As I hope is obvious to everyone reading this, the universe contains more matter than antimatter, presumably because of some slight asymmetry in the amounts of the two generated during the Big Bang. This raises the question of whether there are any processes short of the Big Bang that produce more matter than antimatter. That is, is there any known process where a particle collider (or whatever) would convert some energy into matter not through the production of particle-antiparticle pairs but through some process that produced more matter than antimatter? This doesn't need to be restricted to current accelerators-- if there's some mechanism for this that requires impractically high energies, but is based on solid theories (i.e., the Standard Model or straightforward extensions thereof), that would be interesting, too.

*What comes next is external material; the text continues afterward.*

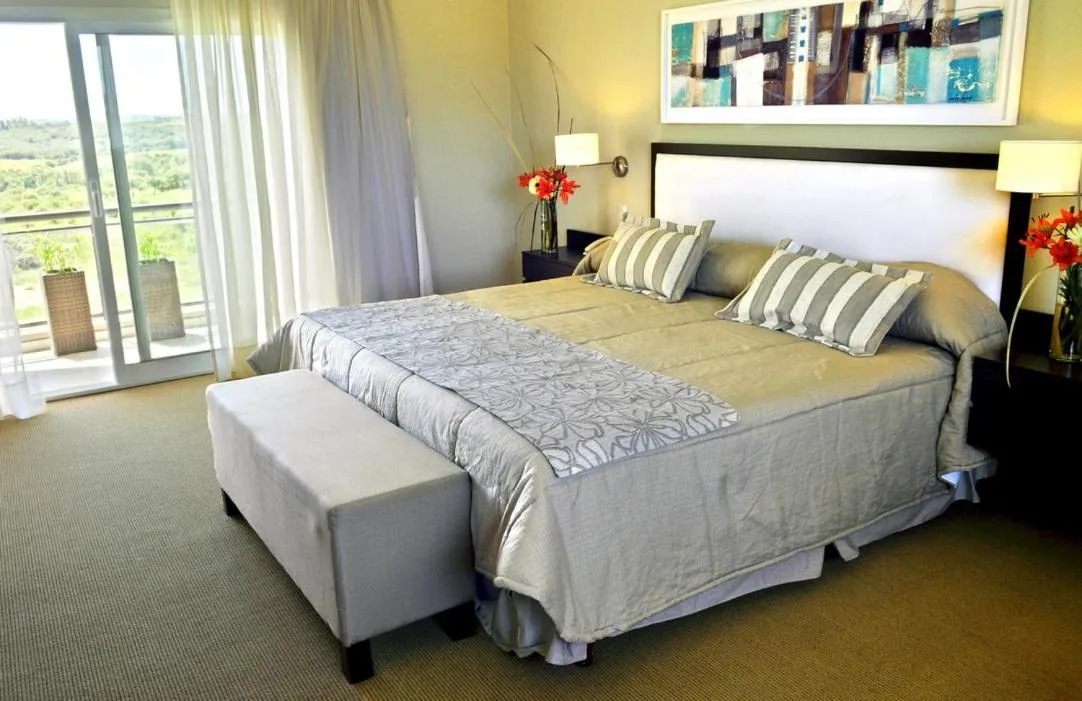 Bed in Howard Johnson Hotel Piedras Moras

I'm fairly certain that the answer is "no," because I know that the matter-antimatter asymmetry is related to CP violation, and I also know that existing measurements of CP violation are not enough to explain the asymmetry. If there were a known way to slam protons together and make more quarks than antiquarks, I wouldn't expect this to still be a mystery. My particle physics knowledge is far from comprehensive, though, so it can't hurt to ask.

(I was briefly confused into thinking that there was such an experiment a while back, but it turned out to just be sloppiness about marking the antiquarks on the part of the people writing about it...)

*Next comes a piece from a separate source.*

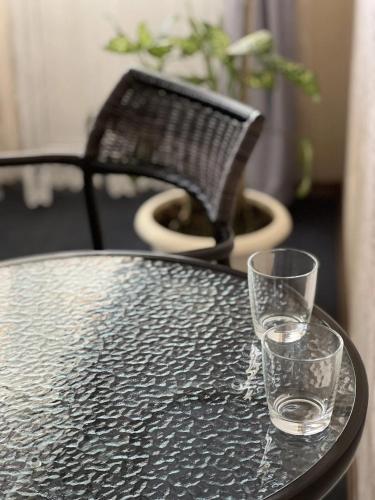two glasses sitting on a table with a chair at Sava Dream in Zhytomyr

(This is another question prompted by the book-in-progress, on relativity, this time a single word: I wrote that matter created from energy in particle physics experiments is "generally" in the form of particle-antiparticle pairs. Then I started wondering whether that qualifier was really needed, and thus this question.)


Dear Chad, you misinterpret the statement that "the known sources of CP-violation are not enough to explain the matter-antimatter asymmetry in the Universe."

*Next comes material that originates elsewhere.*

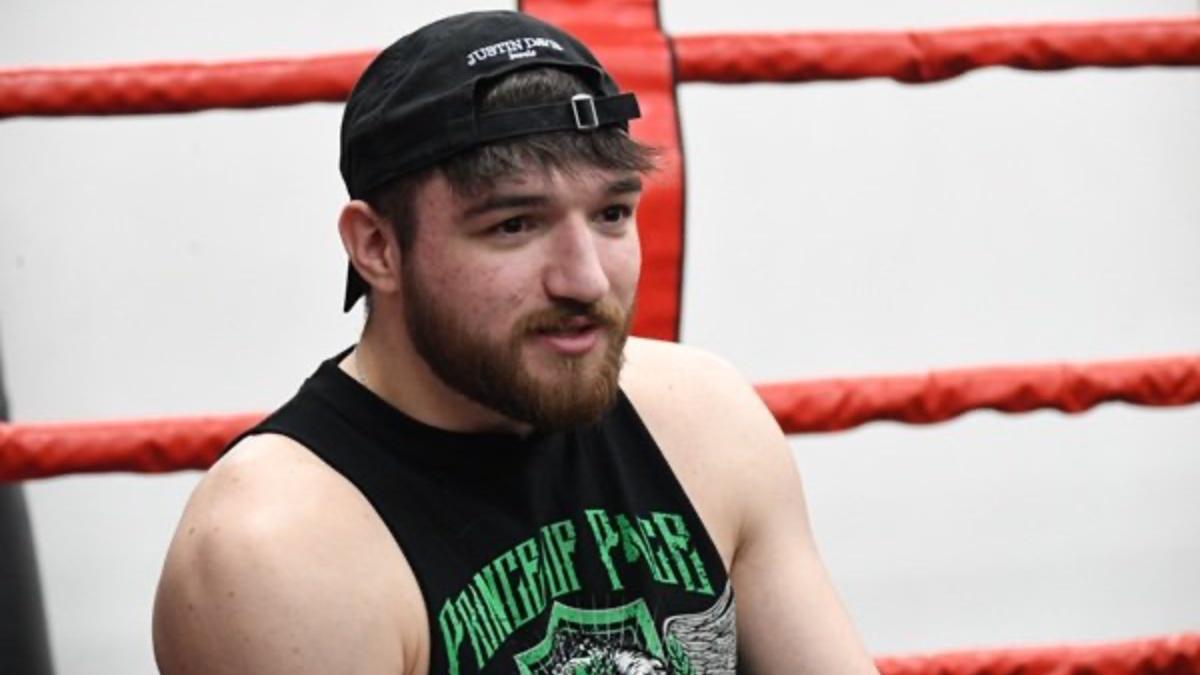 Callum Newman wearing a black vest and baseball cap on backwards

You seem to think that the statement means that the known CP-violating parameter (namely the CP-violating phase in the CKM matrix) and the processes based on it are qualitatively insufficient to produce matter-antimatter asymmetry. But they are just quantitatively insufficient. One simply doesn't get enough of the asymmetry - but qualitatively, the CKM phase would be enough.

However, there are additional conditions beyond the CP-violation that have (or had) to be satisfied for the Universe to produce matter-antimatter asymmetry. They're known as the Sakharov conditions:

  1. CP-violation as well as C-violation
  2. Violation of the conservation of the baryon number B (and/or lepton number L)
  3. Evolution away from the thermal equilibrium.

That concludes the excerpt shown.